The tenth annual 24 Hour Video Race kicks off this Friday. Continuing our look back at the first decade, here is the third best video as chosen by the race’s organizers: Monochromatic Productions’ Paletero (2009). And after the jump, team member Andy Viganas.
To view all the videos in the countdown, go here.
FrontRow: Where are you now? Is filmmaker still part of your life?
Andy Viganas: I wish it was a part of my life more than it is right now. With a full time job — and life in general — it’s very hard, but I have made it a goal to do as much as I can and contribute to filmmaking. Hopefully one day a big gig can land on my lap. Many of us are still working together at a local news station in Dallas. Our very own Laura Trevino, team mate of ‘09, has made filmmaking a part of her life and the center of her career. She is a full time filmmaker and as a freelancer in television and film productions as well as directing some of her very own productions.
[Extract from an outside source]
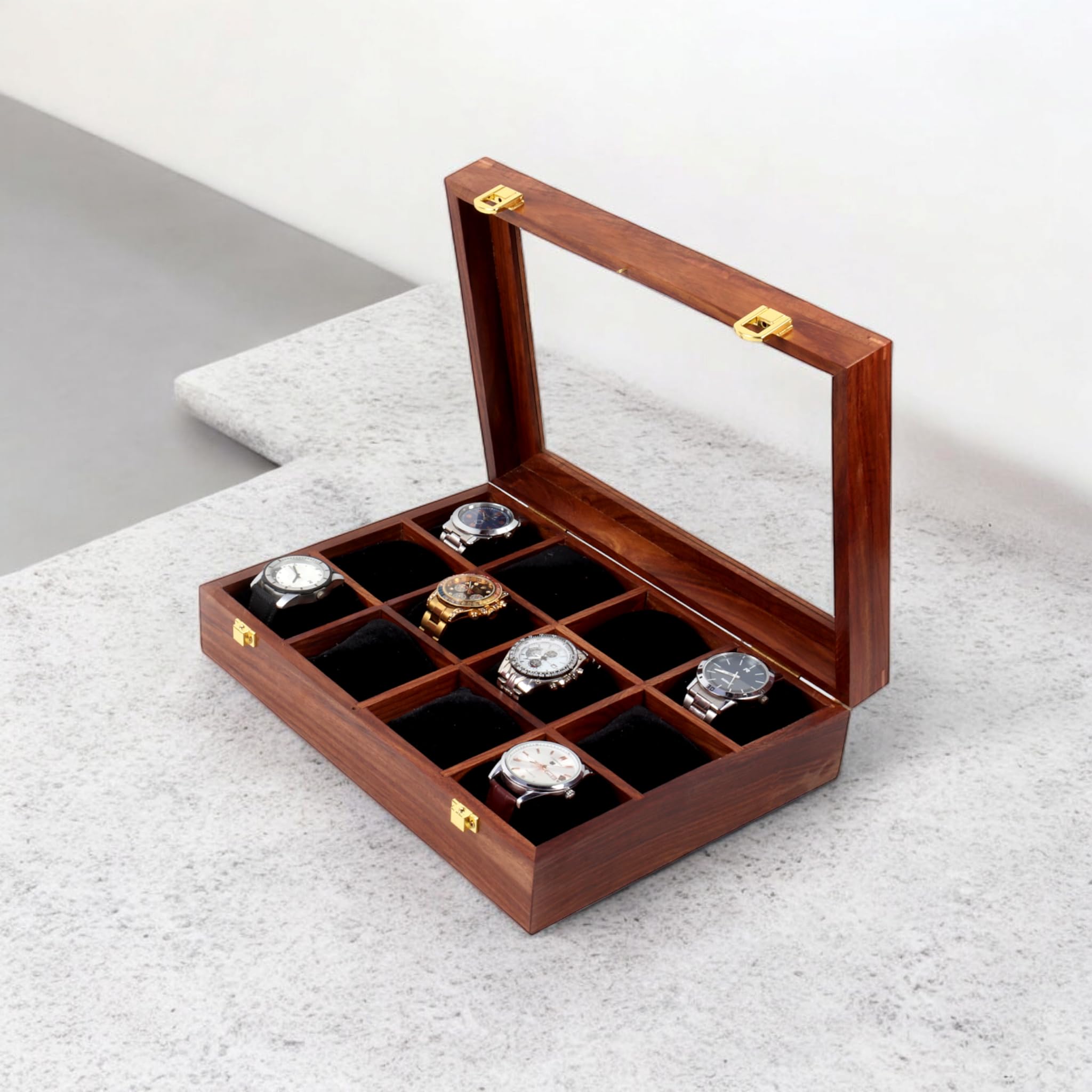Creation India Craft Wooden Watch Box, Storage Organizer, Display Case, Jewelry Holder, Gift for Men & Women - Rosewood Crafted, 12 Slots, Handmade Cushions (B0D7Z9WLNZ) Amazon Price History, Amazon Price Tracker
FR: How did the idea for your movie emerge during the 24 hours you spent making it?
AV: We were at a Whataburger, till around 3 a.m., trying to decide a plot or a cool twist to an idea that had already developed and through hypothetical conversations, Laura had about children. So with the desire to show youthful and somewhat innocent mischievousness, we came up with the comedic mishap of the story. We all knew that people connect easier with little kids, and being that this was a competition, it was the best way to go.
FR: What was the most frustrating part about filmmaking under the race’s conditions/What were the most freeing aspects?
AV: The most frustrating part was trying to cover as much as we can and at the same not to push our talent, who mostly were kids under the age of 10, over the edge. Many of us are perfectionists, and having very limited time to accomplish it all was very tough. The most freeing aspect was working with a group of pros who we all shared the passion of visual storytelling and creativity who were all ready to bring a great project to life.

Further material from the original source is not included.